On March 9th, 2010, the Constitutional Court (CC) in Johannesburg, South Africa delivered judgment in the matter between International Trade Administration Commission (ITAC) and SCAW South Africa (Pty) Ltd.
Bridon International welcomes the decisions made by the CC, firstly, confirming that Anti-Dumping duties lapse on the expiry of the statutorily determined period of 5 years plus 18 months and, secondly, to overturn the decision of the High Court that prevented ITAC and the Ministers for Trade and Finance from enacting ITAC’s recommendation to lift the anti-dumping duties on sales of Bridon’s products in the South African Customs Union.
This recommendation was the result of ITAC’s thorough investigations during the “sunset review” that found that Bridon had not dumped steel wire rope and that there was no likelihood of future dumping.
Jon Templeman, CEO of Bridon said “I believe that this decision will open the South African market for steel wire ropes to increased competition which can only be of benefit to South African consumers of our products.”
And continued, “Bridon looks forward to meeting with customers old and new and serving the South African market for many years to come.”
The case concerned the duration of and procedure for reviewing anti-dumping duties. These are measures which are imposed by the state to counteract the harmful practice of introducing goods into the economy of a country or its common customs area for a price less than the production costs or market value of those goods.

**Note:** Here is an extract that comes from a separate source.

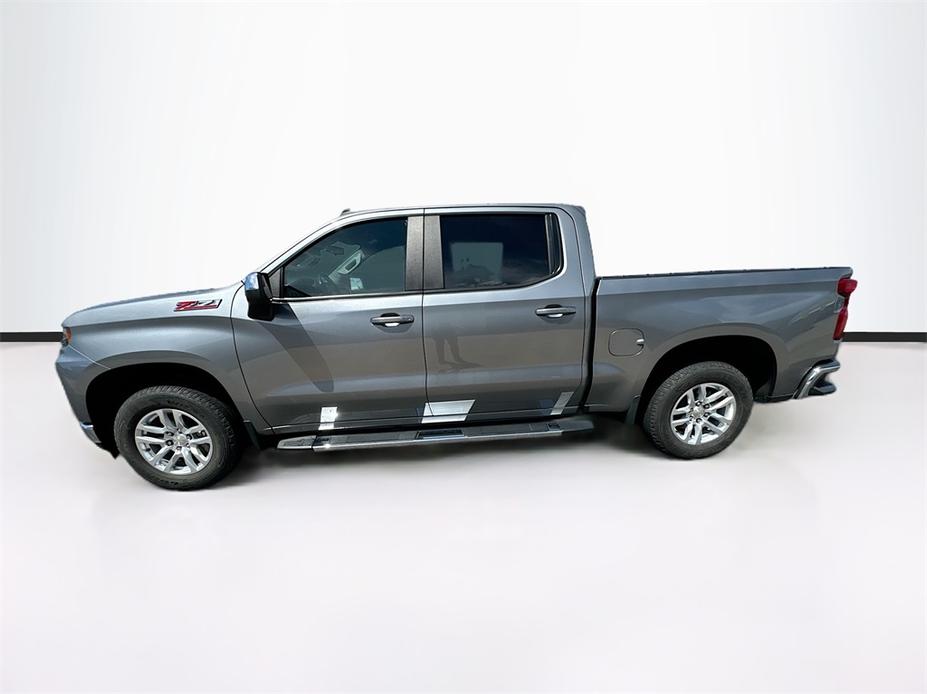 used 2020 Chevrolet Silverado 1500 car, priced at $35,999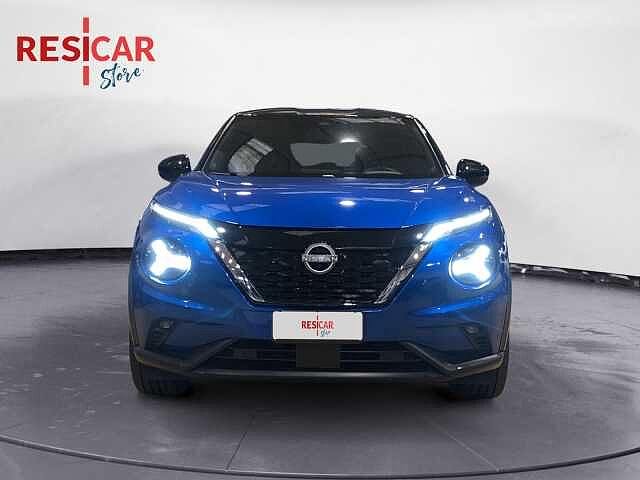 Nissan Juke II 2020 Juke 1.6 hev Tekna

In 2002 the Minister of Trade and Industry imposed anti-dumping duties on stranded wire, rope and cable of iron or steel products originating in or imported from foreign countries. In particular, the anti-dumping duties were placed on the products of Bridon International Limited, the biggest manufacturer of steel and wire ropes in the United Kingdom. The Minister based his decision on a recommendation made by the Board on Tariffs and Trade, the predecessor of ITAC.
In February 2007, prior to the lapsing of the five year period, SCAW, a South African company that manufactures steel products including those of which the anti-dumping duties were imposed, lodged an application with ITAC for the initiation of a “sunset review” or investigation with a view to maintaining the anti-dumping duties in place. ITAC conducted the sunset review into whether the removal of the duties was likely to lead to the continuation or recurrence of injurious dumping. In October 2008, ITAC made a recommendation to the Minister that the existing anti-dumping duties in respect of Bridon UK’s products should be terminated.
SCAW then launched an urgent application with the High Court and sought to prevent ITAC from forwarding its recommendation to the Minister for consideration. SCAW further sought an order preventing the Minister and also the Minister for Finance from performing their respective duties in the implementation of a recommendation made by ITAC. The High Court granted the interim interdict against ITAC and both ministers.
ITAC then sought leave to appeal against the High Court order.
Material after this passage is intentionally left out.